▶ _EXERCISE_
In the records below, find the line with "View of entranceway", then copy each line exactly until you have copied the line with "Tray of enamel". Leave any picture out.

(Excerpts from a dataset)
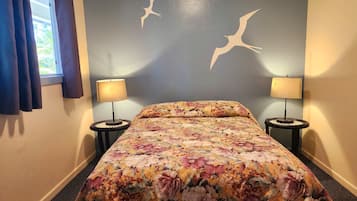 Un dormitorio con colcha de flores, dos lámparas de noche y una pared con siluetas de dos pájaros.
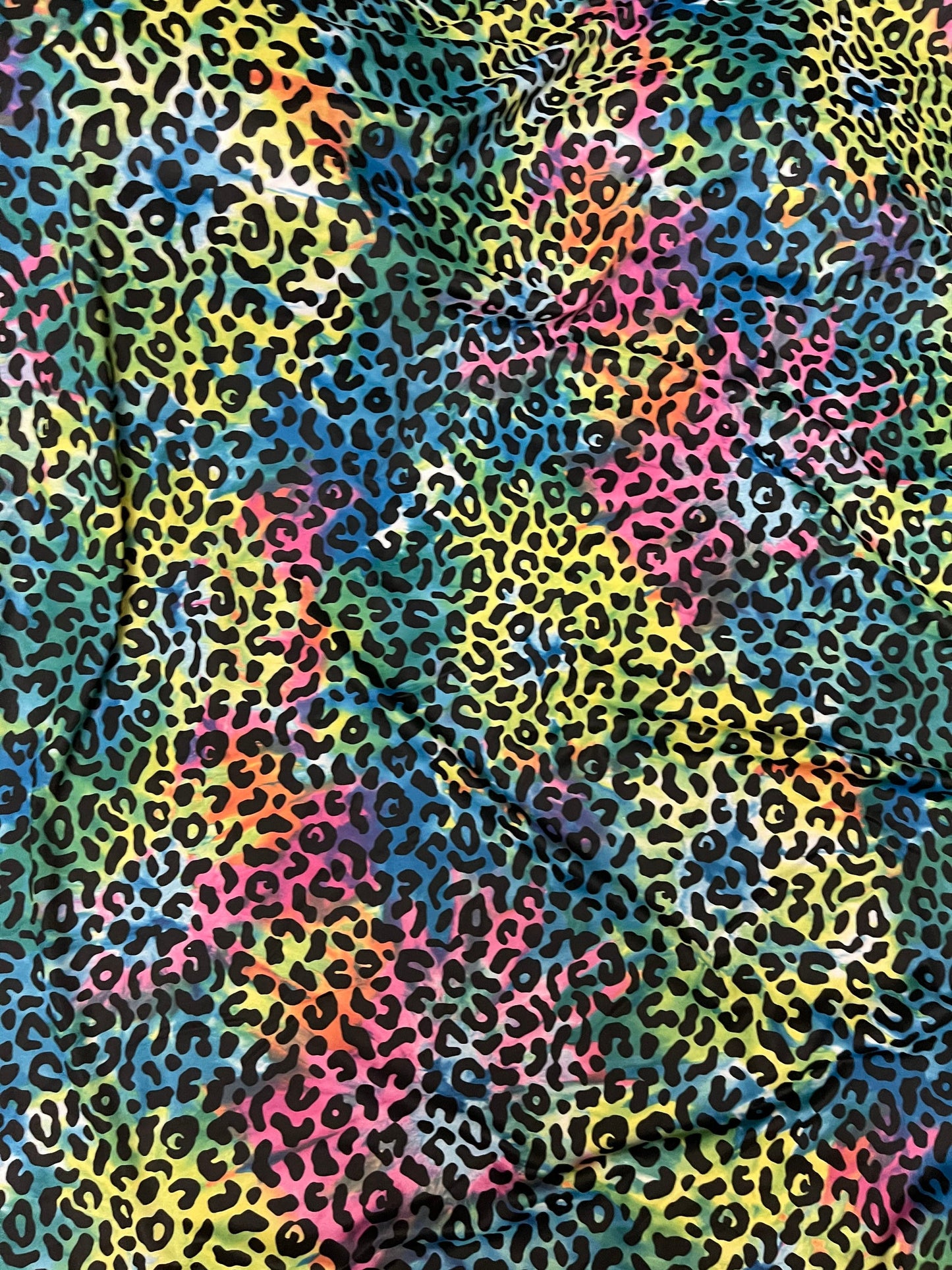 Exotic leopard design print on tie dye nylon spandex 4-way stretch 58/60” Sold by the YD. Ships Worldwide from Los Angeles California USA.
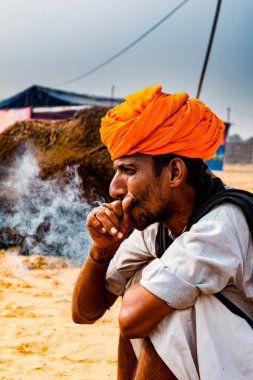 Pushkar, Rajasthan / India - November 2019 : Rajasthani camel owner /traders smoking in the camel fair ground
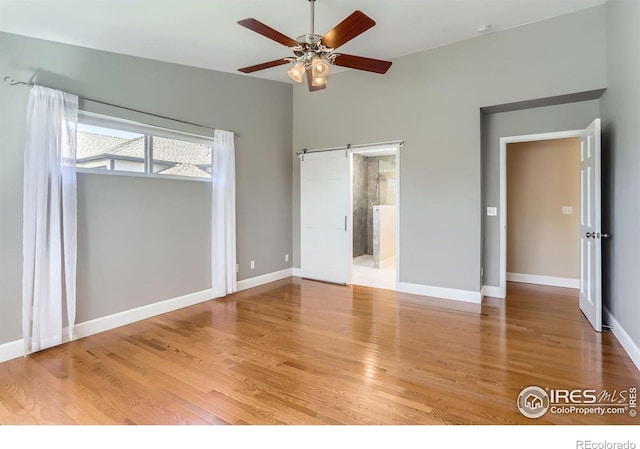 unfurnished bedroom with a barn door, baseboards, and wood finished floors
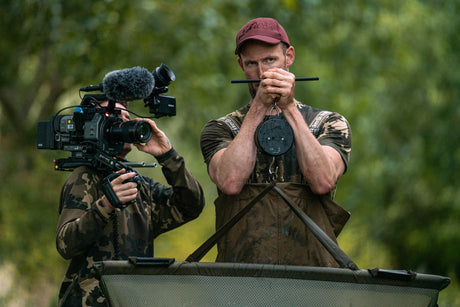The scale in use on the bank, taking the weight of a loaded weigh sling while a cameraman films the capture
==
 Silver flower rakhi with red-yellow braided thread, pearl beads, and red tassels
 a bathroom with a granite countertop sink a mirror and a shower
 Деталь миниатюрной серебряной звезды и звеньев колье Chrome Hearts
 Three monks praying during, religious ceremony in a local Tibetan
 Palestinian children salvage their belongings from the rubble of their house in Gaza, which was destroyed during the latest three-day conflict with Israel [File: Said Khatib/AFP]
--
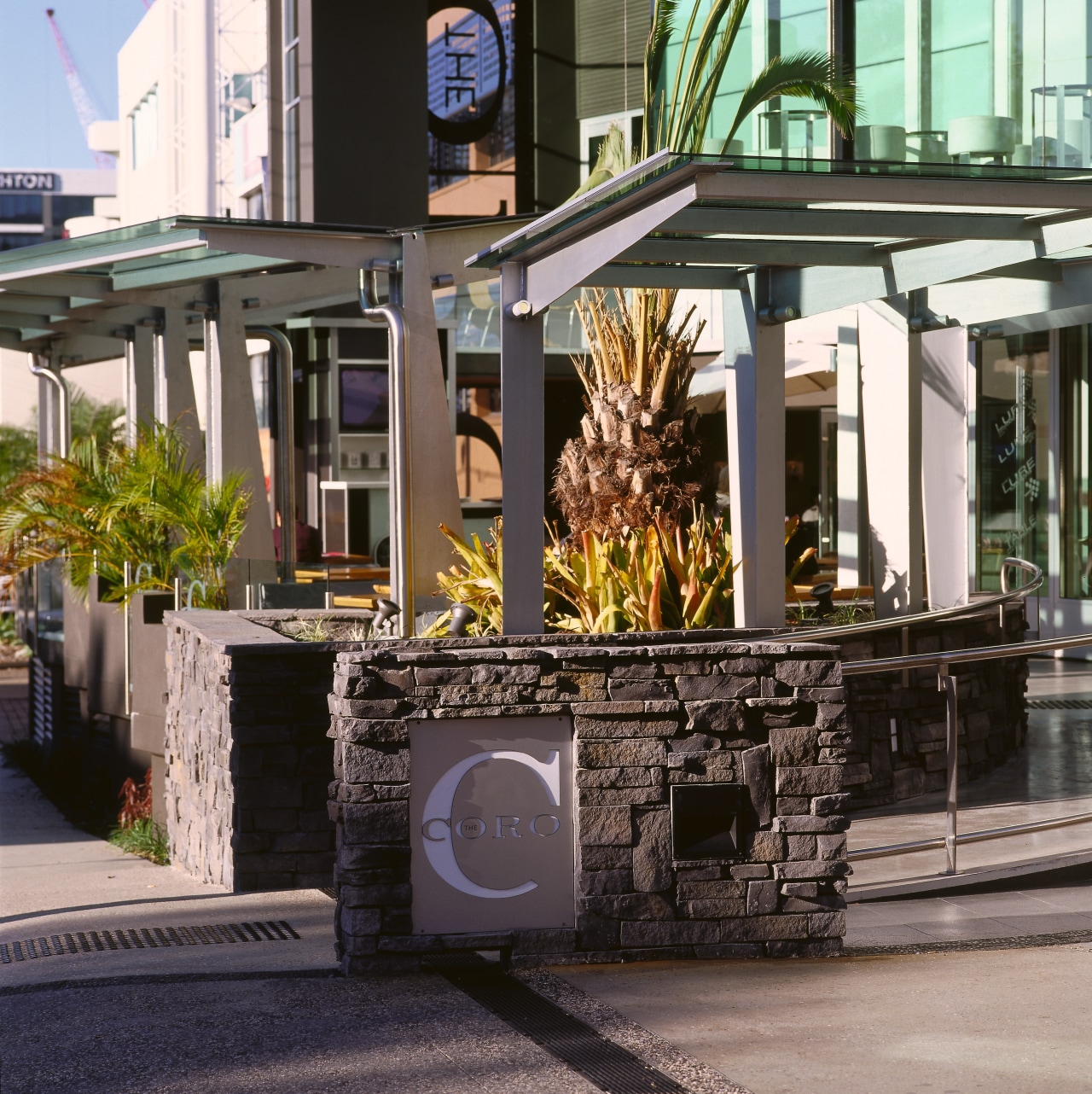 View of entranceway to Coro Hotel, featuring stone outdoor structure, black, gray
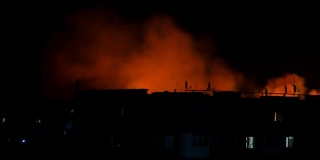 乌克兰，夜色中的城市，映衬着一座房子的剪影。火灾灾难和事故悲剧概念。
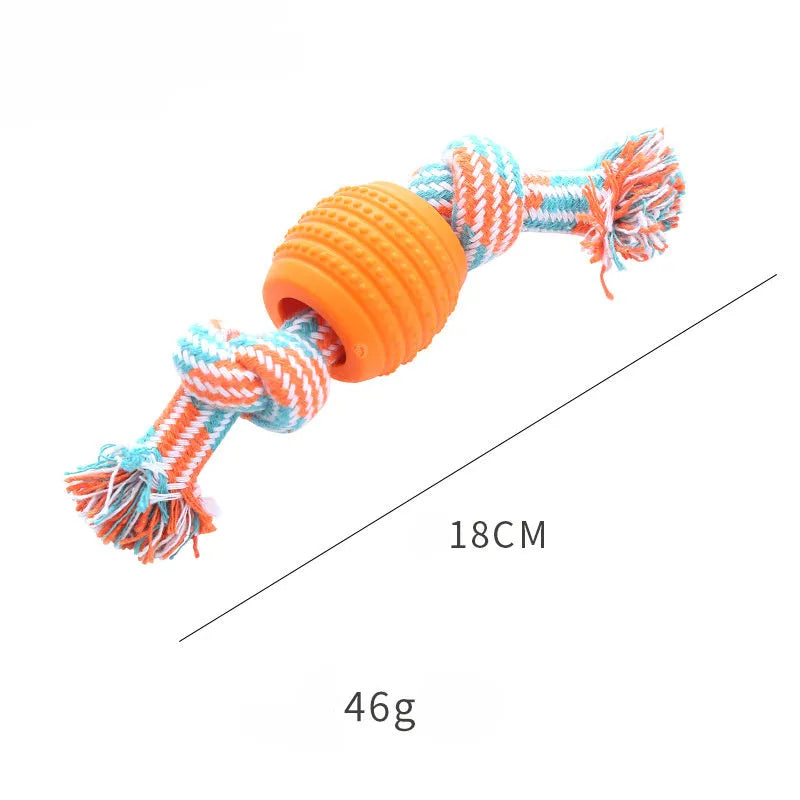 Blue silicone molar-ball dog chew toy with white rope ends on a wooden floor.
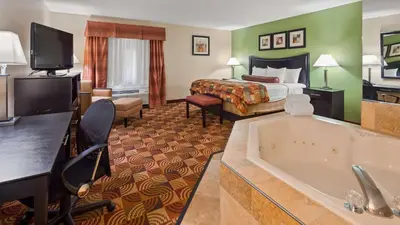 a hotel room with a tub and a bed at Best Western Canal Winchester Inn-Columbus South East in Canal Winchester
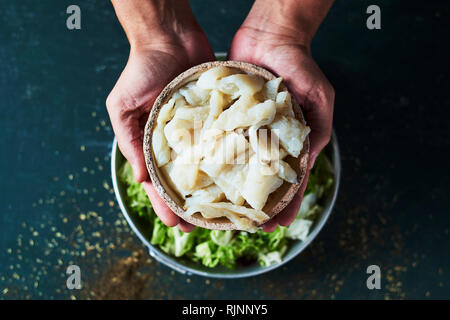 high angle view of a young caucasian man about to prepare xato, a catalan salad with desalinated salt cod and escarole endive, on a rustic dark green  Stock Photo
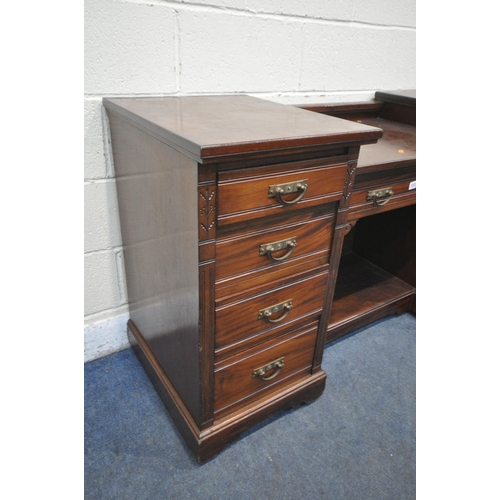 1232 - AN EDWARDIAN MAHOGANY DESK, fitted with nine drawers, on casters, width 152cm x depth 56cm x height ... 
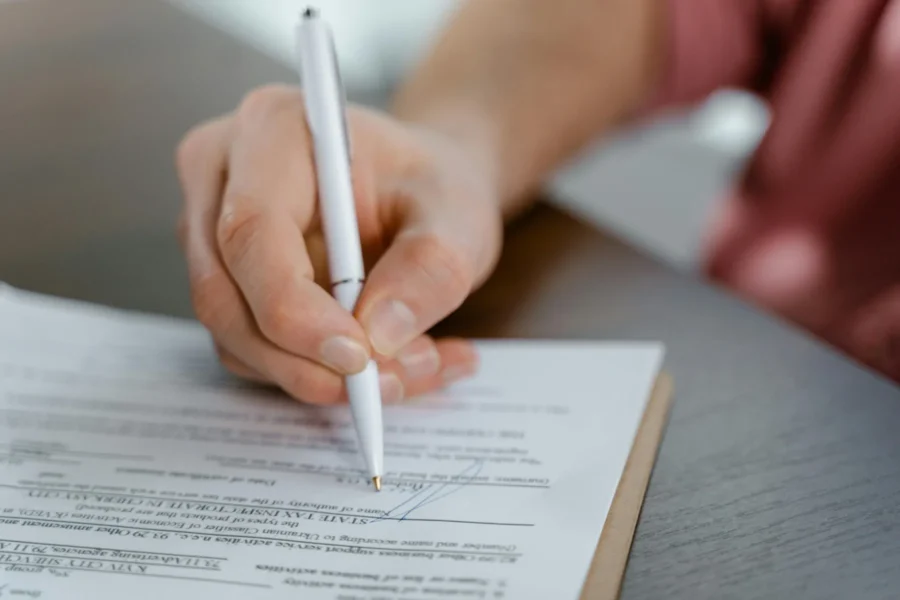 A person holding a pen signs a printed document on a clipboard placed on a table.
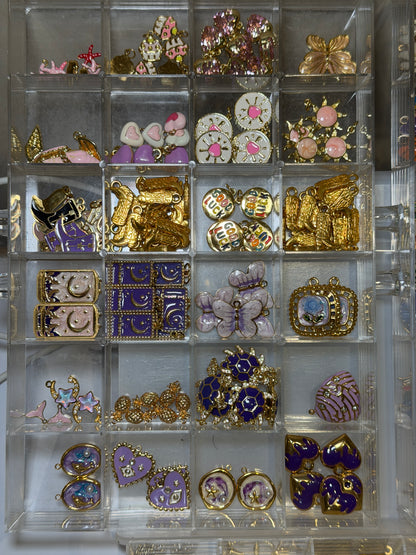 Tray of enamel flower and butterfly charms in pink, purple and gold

▶ _ANSWER SECTION_
 View of entranceway to Coro Hotel, featuring stone outdoor structure, black, gray
 乌克兰，夜色中的城市，映衬着一座房子的剪影。火灾灾难和事故悲剧概念。
 Blue silicone molar-ball dog chew toy with white rope ends on a wooden floor.
 a hotel room with a tub and a bed at Best Western Canal Winchester Inn-Columbus South East in Canal Winchester
 high angle view of a young caucasian man about to prepare xato, a catalan salad with desalinated salt cod and escarole endive, on a rustic dark green  Stock Photo
 1232 - AN EDWARDIAN MAHOGANY DESK, fitted with nine drawers, on casters, width 152cm x depth 56cm x height ... 
 A person holding a pen signs a printed document on a clipboard placed on a table.
 Tray of enamel flower and butterfly charms in pink, purple and gold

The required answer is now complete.